The severe acute respiratory syndrome coronavirus 2 (SARS-CoV-2) is the virus linked to the coronavirus disease 2019 (COVID-19), which became a pandemic during March 2020, affecting virtually all countries [7]. Though COVID-19 symptoms are predominantly respiratory, the SARS-CoV-2 can infect many parts of the body, through binding to the angiotensin-converting enzyme 2 (ACE-2) receptor, which is also densely distributed in the pancreas [8, 9]. Early during the COVID-19 pandemic it was hypothesized that the SARS-CoV-2 could induce T1D. Thus, a marked increase in T1D cases was found at a pediatric center in the United Kingdom from March to June 2020 [10]. Since then, a number of mainly register based studies have investigated this association and the results have been conflicting. A large investigation from the United States, based on the medical insurance claims databases, found a higher incidence of diabetes among young patients < 18 years after SARS-CoV-2 infection [11], while a study from Scotland with detailed information on the date of T1D diagnosis and SARS-CoV-2 PCR testing did not replicate this finding [12]. A meta-analysis including 26 papers reported an increase in T1D [13], as did another recently published systematic review of 42 studies with meta-analysis [14], though data from the worldwide SWEET register did not find evidence of a link between COVID-19 and T1D [15]. A large Canadian cohort study recently reported an increase in the diabetes frequency following the COVID-19 pandemic, but it could not establish a correlation specifically for T1D, possibly due to the low T1D numbers [16]. In Denmark, no association was observed in a prospective register investigation among children and young adults [17], and another Danish register study evaluating the entire population below 30 years similarly reported no association [18].

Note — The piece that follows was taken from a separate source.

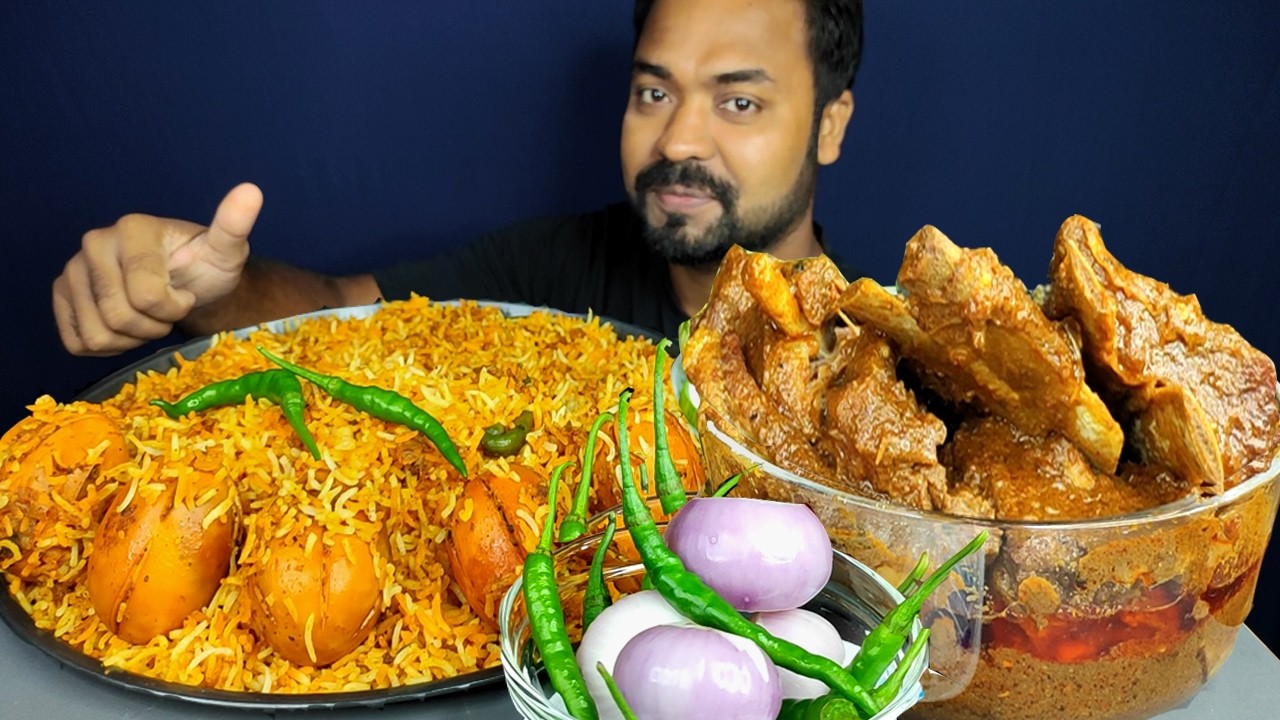 Spicy Mutton Curry, Egg Dum biryani, Aloo, Onion, Salad, Chili ASMR MUKBANG Eating Show | Big Bites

In the present multicenter study, we report incidence data on new-onset T1D cases across Portugal before and during the COVID-19 epidemic to determine its impact on T1D development. We further provide an analysis on the changes in glycemic levels and endogenous insulin production at T1D diagnosis, before and during the epidemic. Finally, we evaluate the annual number of diabetes ketoacidosis (DKA) episodes, as well as previous COVID-19 infection as a risk factor for DKA at the time of T1D diagnosis.

Methods

Data collection

The study was a retrospective and hospital-based evaluation comprising new-onset T1D cases and COVID-19 related data from nine hospital units across Portugal, from January 2017 to December 2022. Complete data for all calendar months were, however, only available from eight centers from 2018 to 2021.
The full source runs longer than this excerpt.